Indonesia is recognized as the world’s largest nickel producer, supplying more than half of the global market. However, despite the government’s push to develop downstream nickel industries, regions that produce nickel have yet to enjoy the economic benefits generated by the sector. Instead, locals continue to bear the social and environmental costs amid rapid economic growth in their regions, particularly in nickel-rich provinces such as North Maluku and Central Sulawesi.
Head of the Department of Politics and Government at Fisipol UGM, Dr. Ari Dwipayana, said many regional leaders have expressed concern that although their regions generate trillions of rupiah from natural resources, their fiscal capacity remains limited.
“They bear the social, environmental, and infrastructure impacts resulting from mining activities.
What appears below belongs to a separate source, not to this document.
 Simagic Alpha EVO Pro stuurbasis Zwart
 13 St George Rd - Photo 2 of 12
Yet the fiscal space available to address these impacts is often far from adequate,” said Ari during the POLGOV Policy Forum titled “Adil Berbagi: Memastikan Pembagian Manfaat Mineral Kritis yang Berpihak pada Komunitas Lokal dan Berkelanjutan” (Fair Sharing: Ensuring Equitable and Sustainable Distribution of Critical Mineral Benefits for Local Communities), held at the Convention Hall, Fisipol UGM on Wednesday (Jun. 24).
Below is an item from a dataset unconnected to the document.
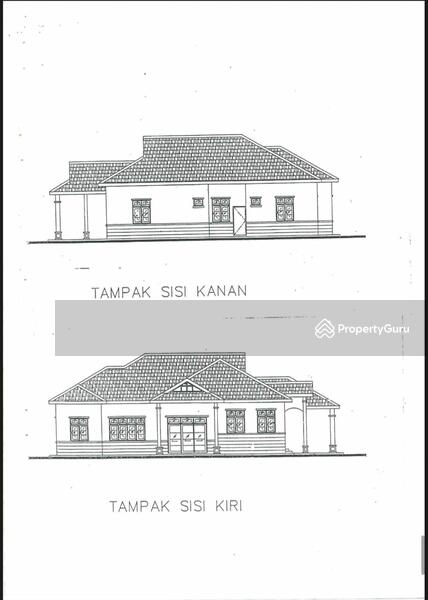 For Sale - Mahkota Impian Fasa 1 (Puncak Alam)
UGM political science lecturer Dr. Hasrul Hanif said many resource-rich regions in Indonesia exemplify the paradox of plenty, where abundant natural resources coexist with rising poverty rates.
“As of 2025, Indonesia has 75 smelters. At the same time, provinces rich in nickel resources, such as North Maluku, Central Sulawesi, and Southeast Sulawesi, have recorded extraordinary economic growth, something rarely seen in provinces outside Java,” he said.
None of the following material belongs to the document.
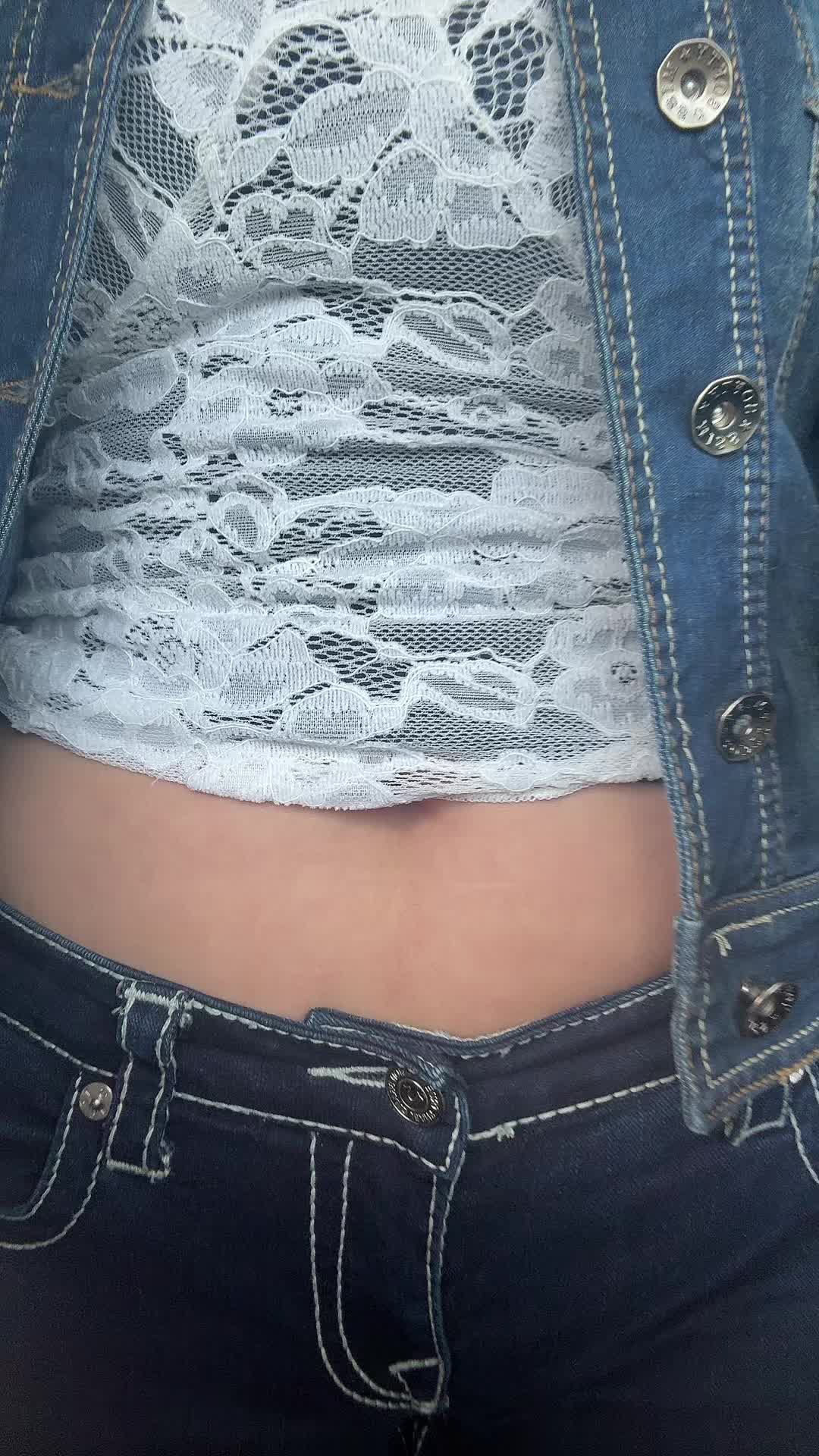 @michelle_ludvigsen08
Climate and Energy Manager at Greenpeace Indonesia, Iqbal Damanik, revealed a striking fact about Indonesia’s nickel industry. He noted that less than one percent of the country’s total nickel production is actually used for the energy transition, such as manufacturing electric vehicles.
“So where is this industry really heading?” Iqbal asked.
Based on these findings, Iqbal argued that Indonesia’s nickel downstream policy was not originally designed to improve the welfare of local communities. Instead, the greatest benefits have accrued to importing countries that have rapidly expanded their electric vehicle industries and energy transition initiatives, using raw materials sourced from Indonesia.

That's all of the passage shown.